D’ailleurs, Thabo Mbeki, en tant que médiateur dans la crise politique au Zimbabwe, avant et après son départ de la présidence de son pays, était tellement affaibli et soumis à des pressions, que sa médiation est resté jusqu’à ce jour, otage de l’intransigeance de Tsvangirai soutenu par l’Occident. Ce constat n’est pas exhaustif, car d’autres situations précaires prévalent dans d’autres pays de l’Afrique subsaharienne, et presque aucune entité n’est à l’abri d’une dégradation soudaine.
En somme l’Afrique s’est retrouvée depuis des siècles dans la tourmente. Cela a commencé au moins avec le commerce triangulaire. Inutile de revenir sur cette entreprise d’horreur qui a marqué la démographie du continent. Suivie par la vague de colonialisme, l’Afrique n’a pas connu de meilleurs jours. Même l’indépendance dans l’interdépendance avec les pays anciens colonisateurs, n’a pu changer la donne. Il se trouve, aujourd’hui, que l’Afrique subsaharienne subit toute sorte de fractures, économique, sociale et notamment numérique.
Les Objectifs du millénaire qui visent la réduction de la pauvreté à moitié en 2015, ne seront jamais atteints, en raison de la cupidité des pays riches et de leurs promesses non tenues en matière d’aide au développement. Cette conclusion a été retenue avant même le déclenchement de la crise financière mondiale. Il y a lieu donc de s’attendre au pire. L’effort de solidarité international, ne pourrait que diminuer en conséquence, et le Continent noir sombrera davantage dans le sous-développement, les guerres fratricides, la famine, les épidémies comme le SIDA, le Paludisme et le Choléra.

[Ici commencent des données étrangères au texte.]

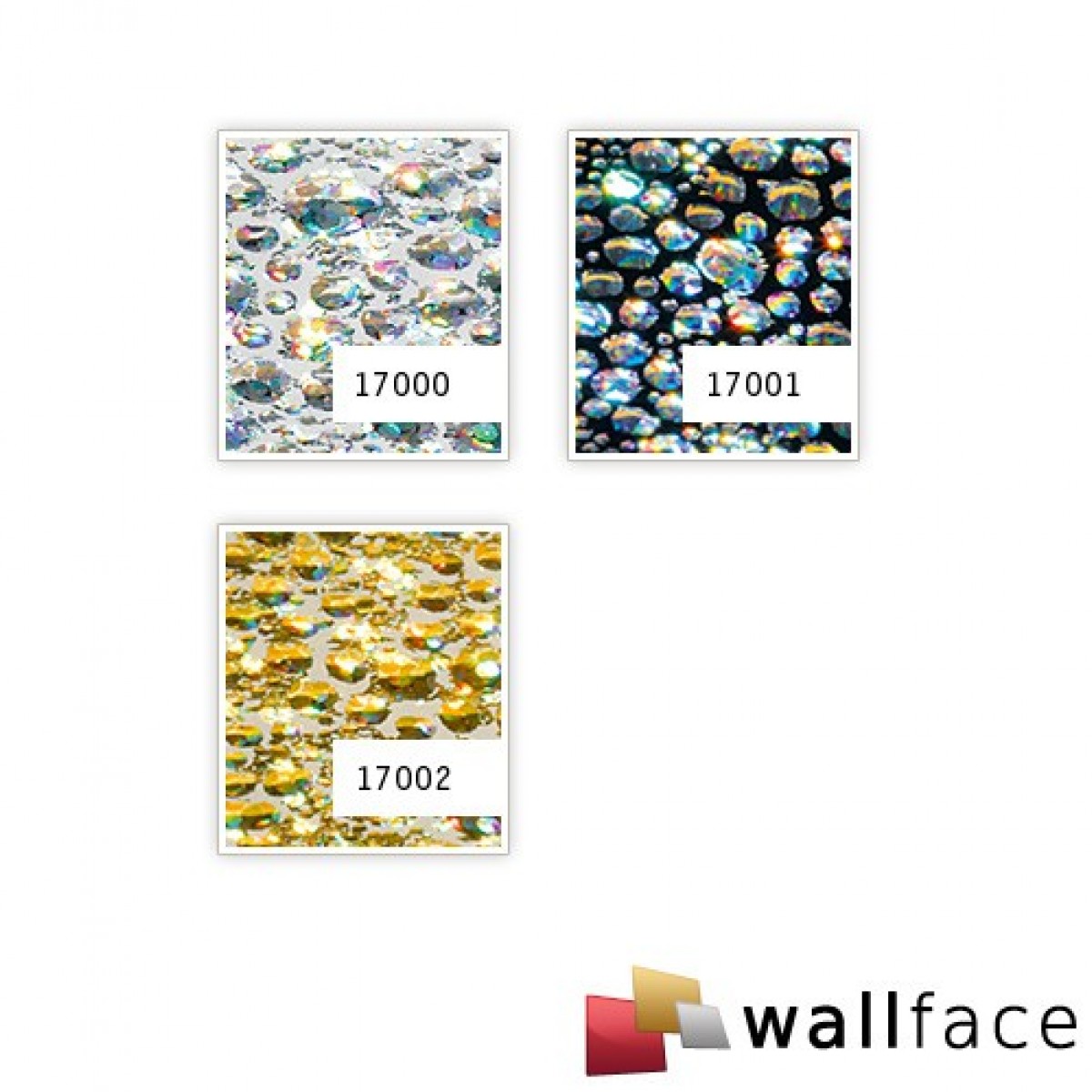 Panou decorativ S-GLASS 17001-AR, WallFace, autocolant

Seules une prise de conscience, au niveau international, et la mise en œuvre d’une sorte de plan Marshall, pourraient arrimer l’Afrique noire au reste du monde, en relevant sensiblement son niveau de développement et en mettant un terme à sa marginalisation séculaire.
Ce sera comme une sorte de mea culpa pratique de l’Occident envers l’Afrique subsaharienne. Et même s’il est peu probable qu’elle adviendra en 2009 ou en 2010, en raison de la récession économique notamment en Europe aux USA et au Japon, elle s’imposera à partir de 2011 aux dirigeants du monde comme nécessité et comme élément essentiel pour donner du crédit au nouvel ordre mondial qui se dessine et qui se veut plus équitable.